A sub-genre of science fiction depicting post-apocalyptic societies characterized by oppression, misery, squalor, disease, and / or overcrowding and often highlighting concerns about current societal trends. An imaginary place where everything is as bad as it can be.

When I told a friend that I write Dystopia, I got a blank stare. “What’s that?”

I gave her the above definition.

She said, “Why would anyone want to read that?”

I had to think about it. Why do I read Dystopia? How is it different from science fiction?

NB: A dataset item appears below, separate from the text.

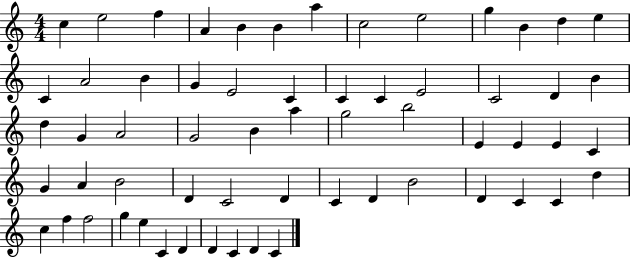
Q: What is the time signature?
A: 4/4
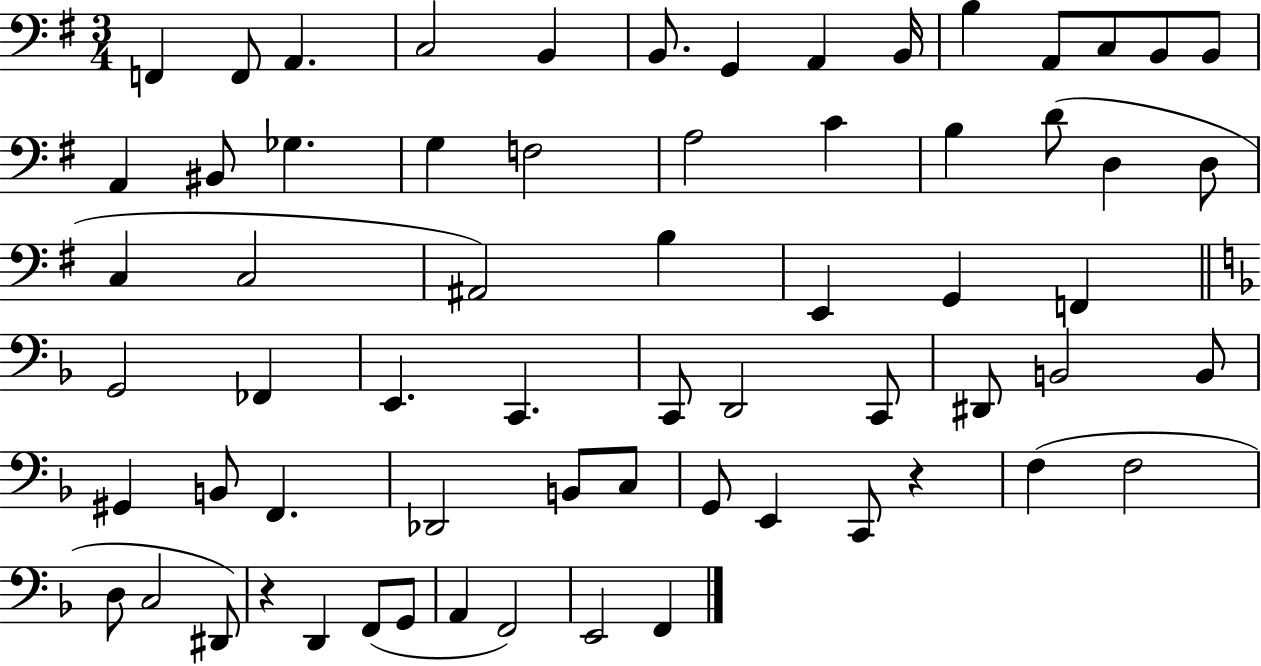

Hard science fiction can tend to focus on describing how things work, while Dystopia is more about society. Don’t get me wrong – I love to take scientific theories and expand them, creating a future full of “what ifs;” eternal life, photosynthetic skin, solar powered cars. But even more, I love creating new cultures, new landscape, even new species within that landscape.

Still, that’s not what drives me to write Dystopia. What is society without people?

Dystopic characters start out as ordinary people, oppressed by the world they live in. People like you and me facing enormous odds. Then they find an inner strength they didn’t know they had.

And they use it to change the world.

So I have my answer.

“When things can’t get any worse, heroes are born.”

What’s the last book you read where the characters changed the entire world?

Cross posted on romancingthegenres.blogspot.com
© Tam Linsey, 2011. All rights reserved.

One thought on “dys·to·pi·a

  1. ArcaneRhino

    While I am not yet convinced that I like Dystopia as a genre (I prefer following politics to get my daily dose of depression), I do like dystopic elements in my fiction. Seeing the “gritty underside”, or the impact of unintended consequences, makes a story much more interesting to me.

    Maybe it is just prurient voyeurism into the dark underside of humanity.